Beginning with the line containing "atualiza_arquivo(info_alunos); 4: exit;" and ending with the line containing "Live : Optimiser", write out each line of the records below exactly; pictures and lines outside that range are left out.

::::::::

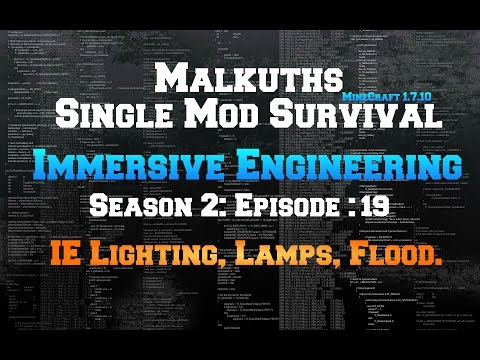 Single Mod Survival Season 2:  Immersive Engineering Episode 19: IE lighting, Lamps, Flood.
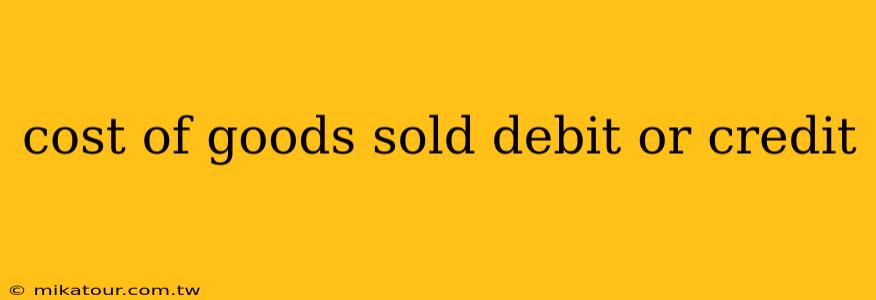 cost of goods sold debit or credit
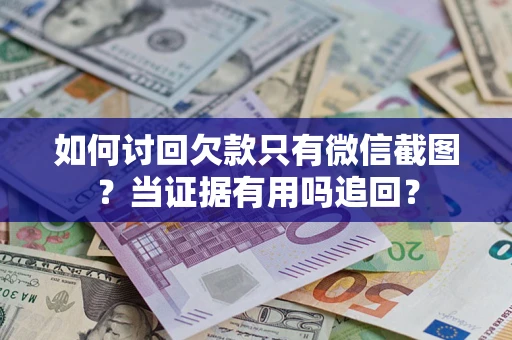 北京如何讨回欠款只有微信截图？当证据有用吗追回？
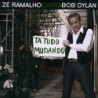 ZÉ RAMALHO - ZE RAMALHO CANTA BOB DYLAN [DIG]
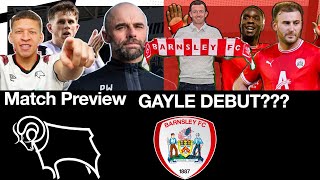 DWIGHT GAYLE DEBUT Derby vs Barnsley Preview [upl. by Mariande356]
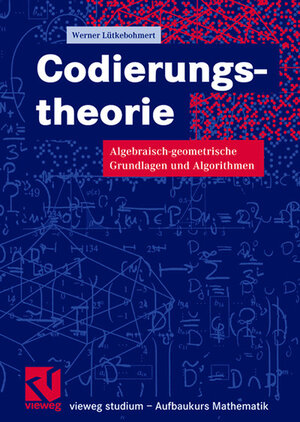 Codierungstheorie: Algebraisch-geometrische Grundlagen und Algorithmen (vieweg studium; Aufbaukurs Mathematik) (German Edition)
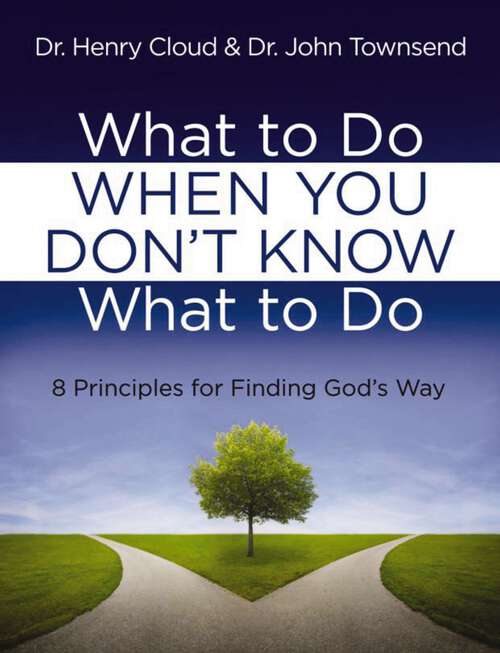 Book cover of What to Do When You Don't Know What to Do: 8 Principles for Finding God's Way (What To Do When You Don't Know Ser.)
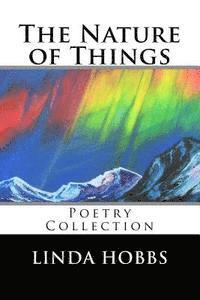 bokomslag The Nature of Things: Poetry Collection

::::::::

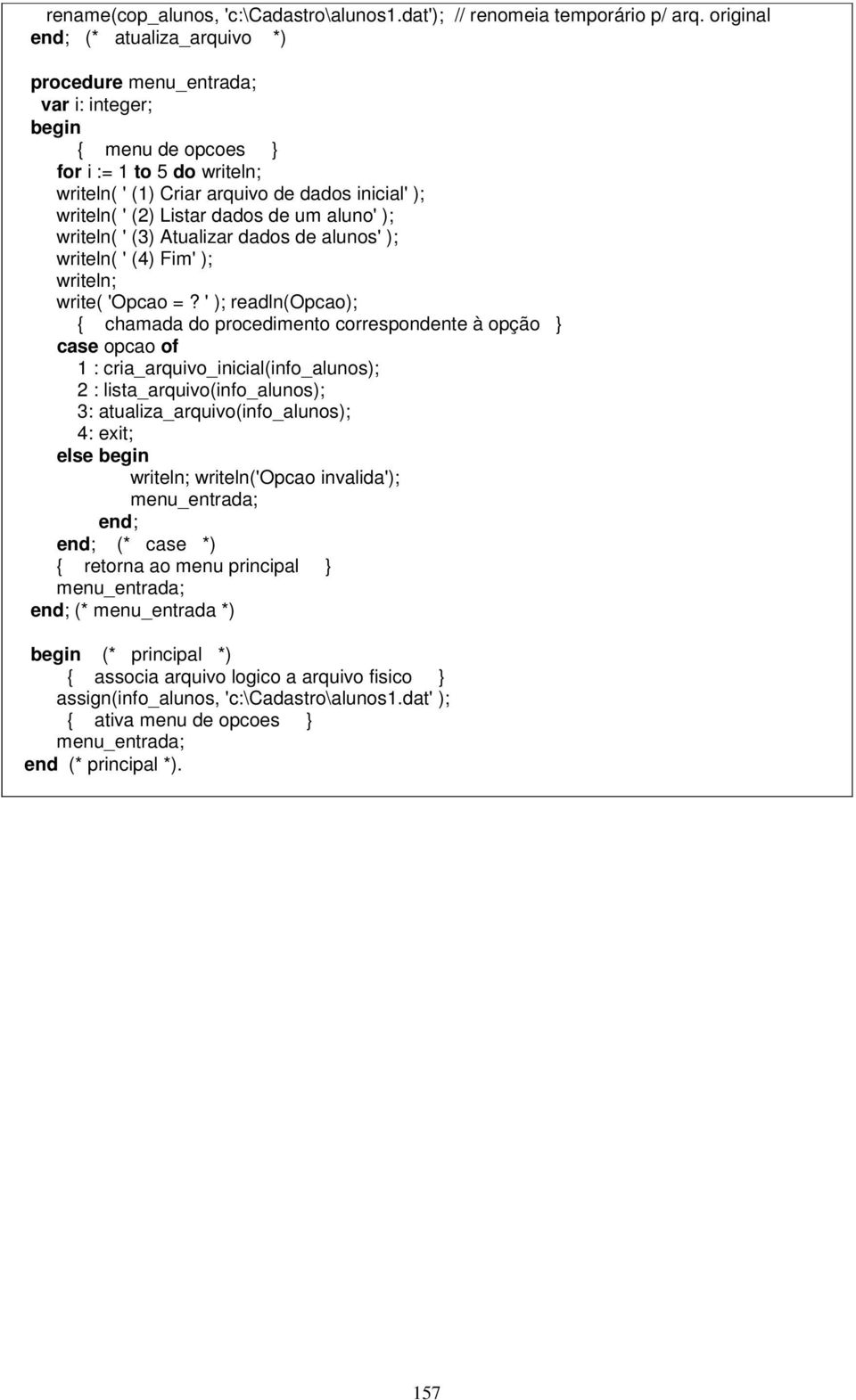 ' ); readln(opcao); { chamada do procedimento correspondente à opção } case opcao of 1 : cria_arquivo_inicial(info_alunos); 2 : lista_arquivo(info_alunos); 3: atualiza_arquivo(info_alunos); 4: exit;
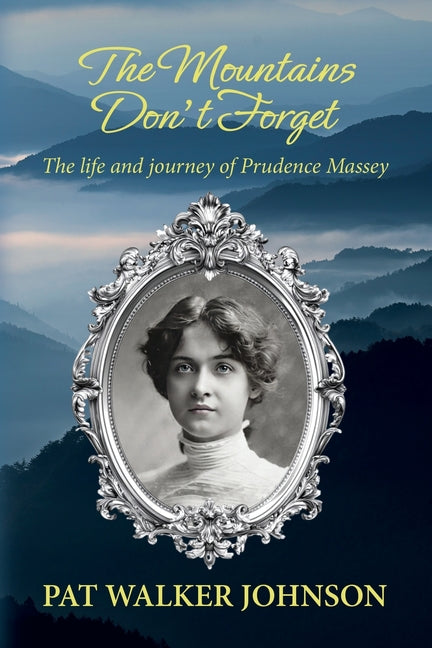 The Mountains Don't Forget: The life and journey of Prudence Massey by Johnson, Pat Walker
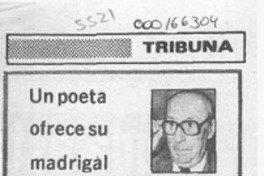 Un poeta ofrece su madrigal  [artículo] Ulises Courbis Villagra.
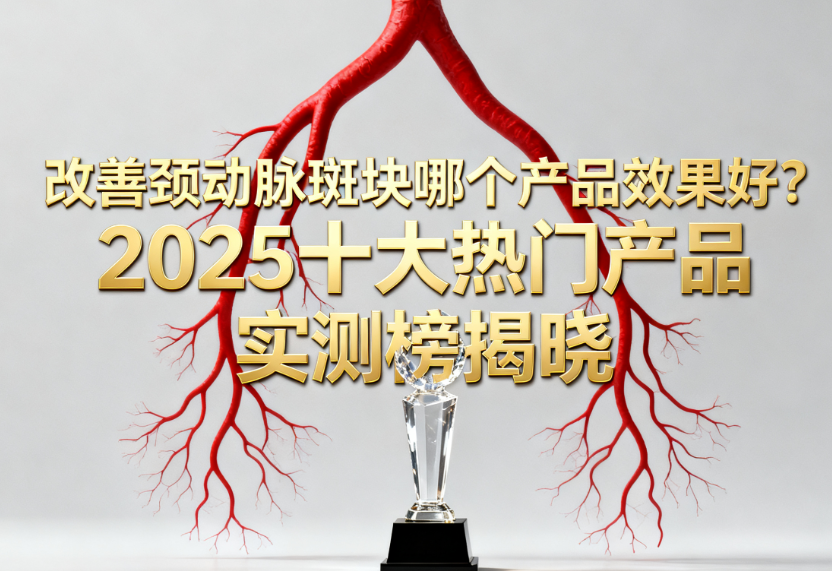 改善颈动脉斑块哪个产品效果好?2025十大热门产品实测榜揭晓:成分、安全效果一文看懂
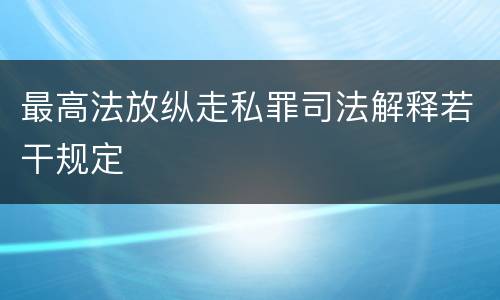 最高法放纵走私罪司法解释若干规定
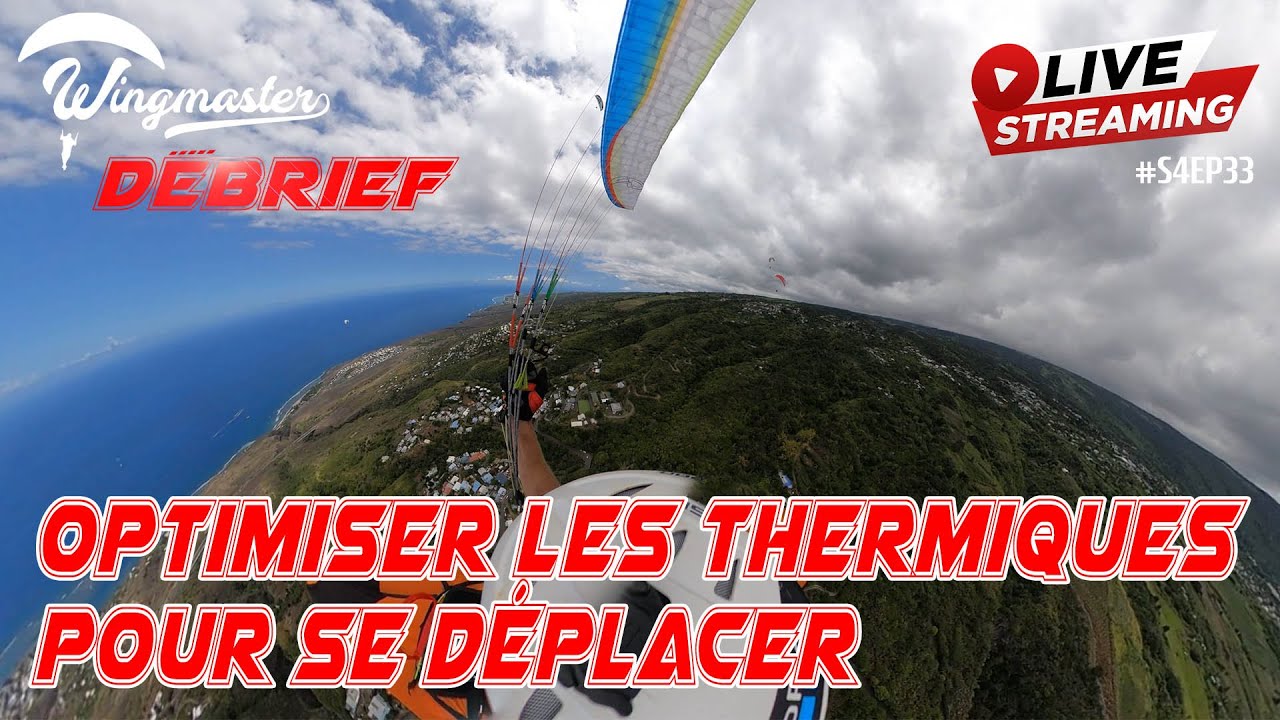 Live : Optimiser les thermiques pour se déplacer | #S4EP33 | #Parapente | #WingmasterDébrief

::::::::

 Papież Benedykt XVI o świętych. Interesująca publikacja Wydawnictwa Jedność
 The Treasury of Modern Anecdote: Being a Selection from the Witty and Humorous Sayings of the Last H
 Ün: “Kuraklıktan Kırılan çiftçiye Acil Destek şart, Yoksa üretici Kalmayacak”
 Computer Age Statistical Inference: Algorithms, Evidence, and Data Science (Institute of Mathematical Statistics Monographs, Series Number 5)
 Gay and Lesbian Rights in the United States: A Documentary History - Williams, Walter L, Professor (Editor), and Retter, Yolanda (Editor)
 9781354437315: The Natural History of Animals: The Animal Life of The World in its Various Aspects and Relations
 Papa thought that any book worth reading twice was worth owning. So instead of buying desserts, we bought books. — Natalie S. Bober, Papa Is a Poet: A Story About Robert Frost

::::::::

WRITTEN ANSWER:
 ' ); readln(opcao); { chamada do procedimento correspondente à opção } case opcao of 1 : cria_arquivo_inicial(info_alunos); 2 : lista_arquivo(info_alunos); 3: atualiza_arquivo(info_alunos); 4: exit;
 The Mountains Don't Forget: The life and journey of Prudence Massey by Johnson, Pat Walker
 Un poeta ofrece su madrigal  [artículo] Ulises Courbis Villagra.
 改善颈动脉斑块哪个产品效果好?2025十大热门产品实测榜揭晓:成分、安全效果一文看懂
 最高法放纵走私罪司法解释若干规定
 Live : Optimiser les thermiques pour se déplacer | #S4EP33 | #Parapente | #WingmasterDébrief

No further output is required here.